After your load data job completes, you can view the results of each query that was configured by the **Load data** wizard in Firebolt user interface under **Results** in the bottom window. If you need to edit the queries, you can enter the change into the **SQL Editor** directly and select **Run**.

1. View information about your query in the **Statistics** tab. This information contains the status of the query, how long it took to run, and the number of rows processed during the data loading job.

2. View metrics in the **Query Profile** tab for each operator used in your query. Select an operation to view metrics. These metrics include the following:

   1. The output cardinality - the number of rows each operator produced.
   2. The thread time - the sum of the wall clock time that threads spent to run the selected operation across all nodes.
   3. The CPU time - the sum of the time that threads that ran the operator were scheduled on a CPU core.
   4. The output types - the data types of the result of the query.

   You can use metrics in the **Query Profile** tab to analyze and measure the efficiency and performance of your query. For example, If the CPU time is much smaller than thread time, the input-output (IO) latency may be high or the engine that you are using may be running multiple queries at the same time. For more information, see [Example with ANALYZE](/reference-sql/commands/queries/explain).

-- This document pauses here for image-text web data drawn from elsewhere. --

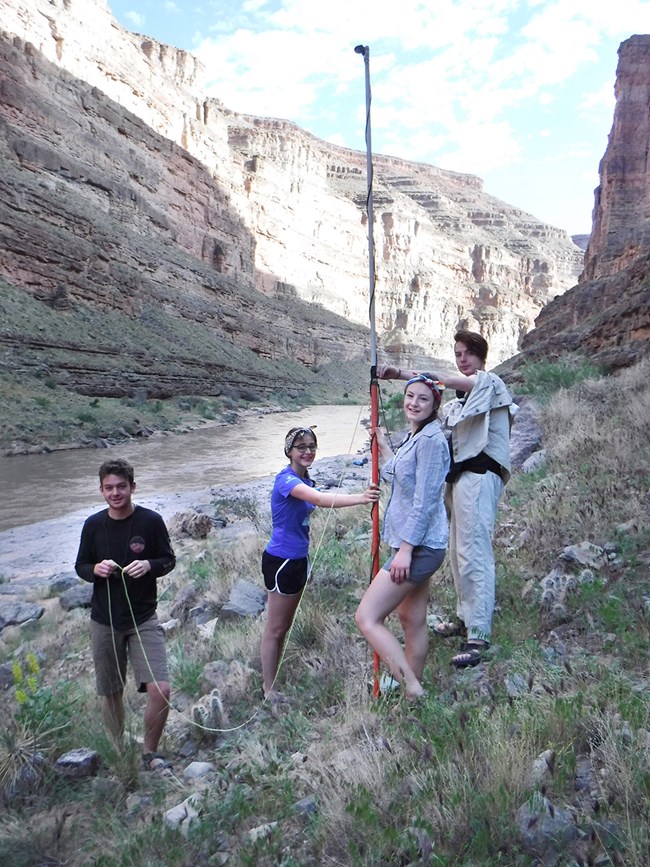 Four students assembling a bat detector uphill from a river. They raise a pole that has a small microphone on top.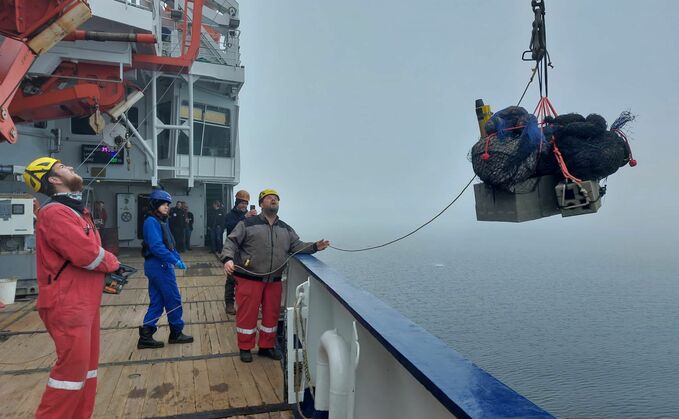 Antonia Thielecke (in blue)/Alfred Wegener Institute leading the operation on board the German icebreaker RV Polarstern. Credit Gianluca Volpe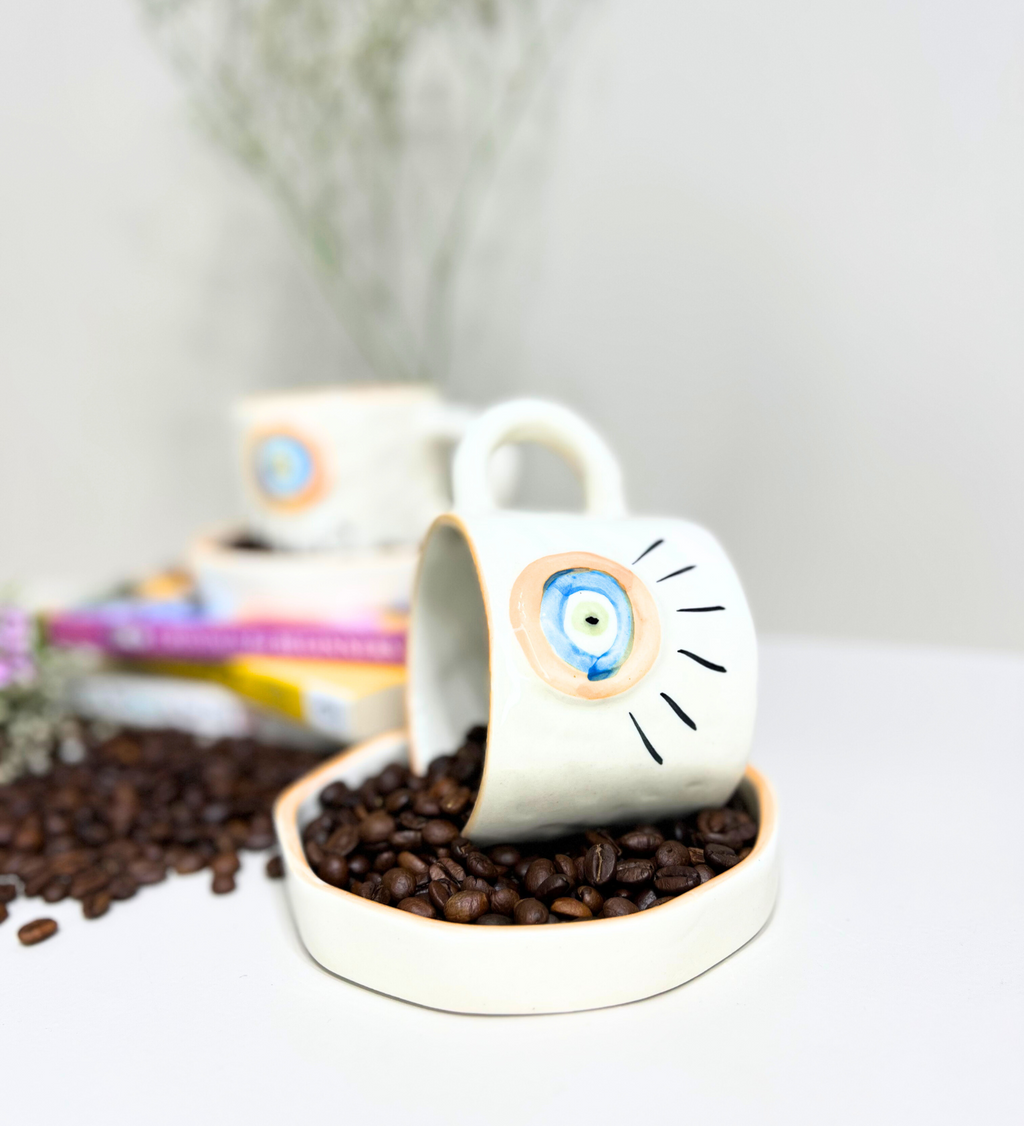 Sunstone Gaze – Evil Eye Ceramic Mug & Plate Set by Aetherea World with at Kamakhyaa for sustainable fashion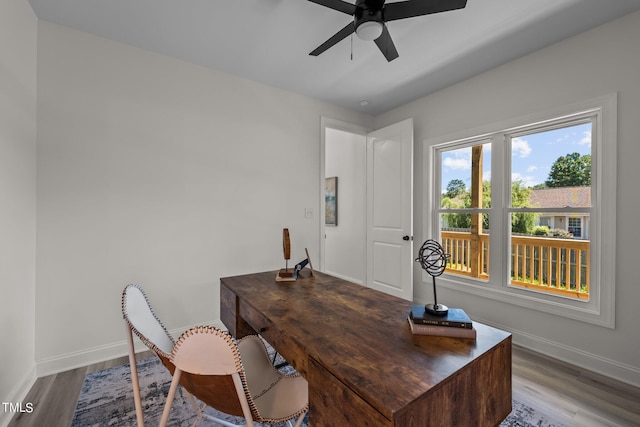 office featuring ceiling fan, baseboards, and wood finished floors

3. View monitoring information including the percent CPU, memory, disk use and cache read in the **Engine monitoring** tab. Information is shown from the last 5 minutes by default. Select a different time interval from the drop-down menu next to **Last 5 minutes**. You can also select the **Refresh** icon next to the drop-down menu to update the graphical information.

4. View detailed information associated with each query in the **Query history** tab. This information includes the query status, start time, number of rows and bytes scanned during the load, user and account information. You can do the following:

   1. Select the **Refresh** icon to update the query history and ID.
   2. Select the filter icon ( **⫼** ) to remove or add columns to display.
   3. Select the **More options** icon ( **⋮** ) to export the contents of the Query history tab to a JSON or CSV file.